EXERCISE OBJECTIVE
Write the listing out again word for word, excluding any pictures.

DATA BLOCK

━━━━━━

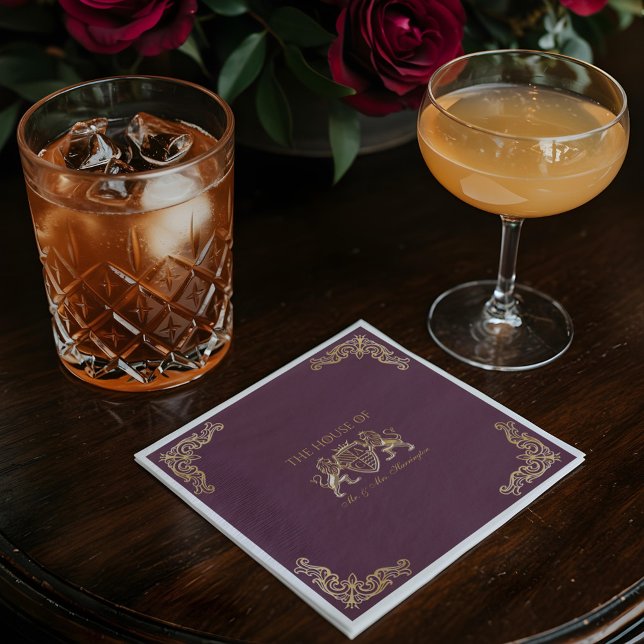 Royal Muse Medieval Fantasy Monogram Lejon Emblem Pappersservett (Royal Muse Medieval Fantasy Monogram Lion Emblem Napkins)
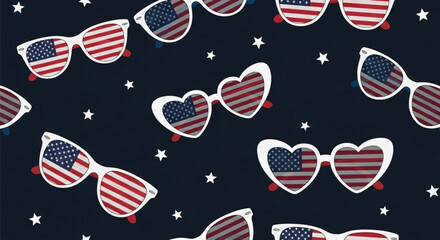 Obraz premium Patriotic USA Flag Sunglasses Seamless Pattern for Fourth of July Background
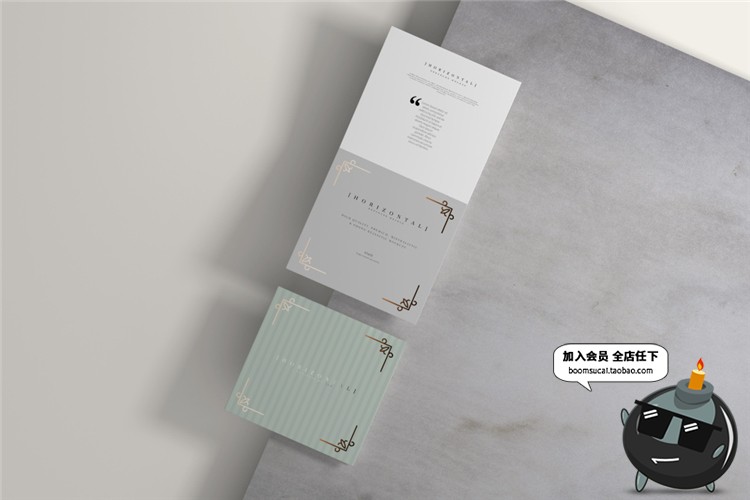 图片[3]-正方形对折页邀请函请柬卡片效果图展示VI贴图样机PSD模板PS素材-设计猿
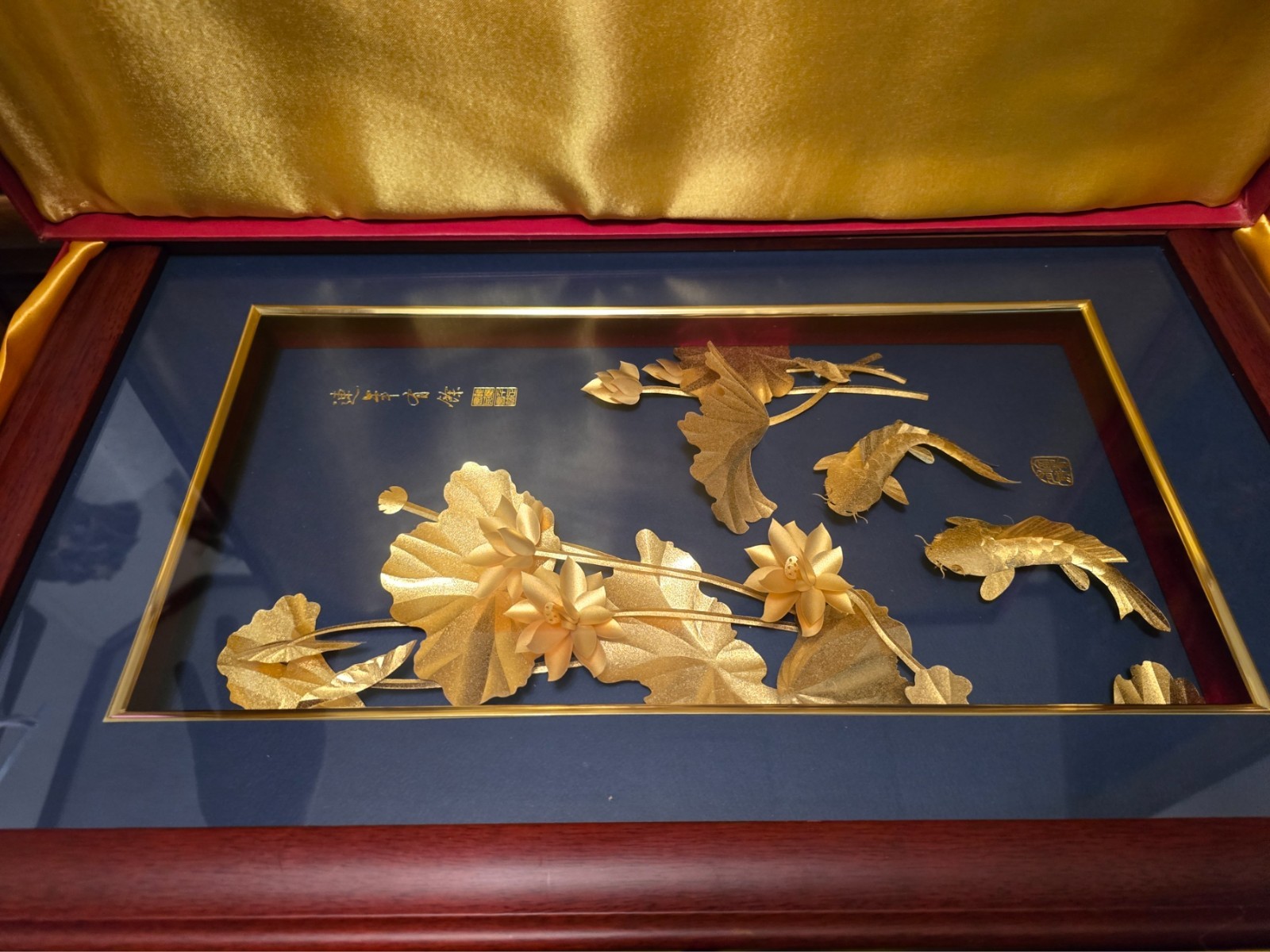 3D Effect Painting 24ct Gold Leaf koi fish in a lotus pond framed. Rare Find!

━━━━━━

RESPONSE TO THE EXERCISE
 Royal Muse Medieval Fantasy Monogram Lejon Emblem Pappersservett (Royal Muse Medieval Fantasy Monogram Lion Emblem Napkins)
 Obraz premium Patriotic USA Flag Sunglasses Seamless Pattern for Fourth of July Background
 图片[3]-正方形对折页邀请函请柬卡片效果图展示VI贴图样机PSD模板PS素材-设计猿
 3D Effect Painting 24ct Gold Leaf koi fish in a lotus pond framed. Rare Find!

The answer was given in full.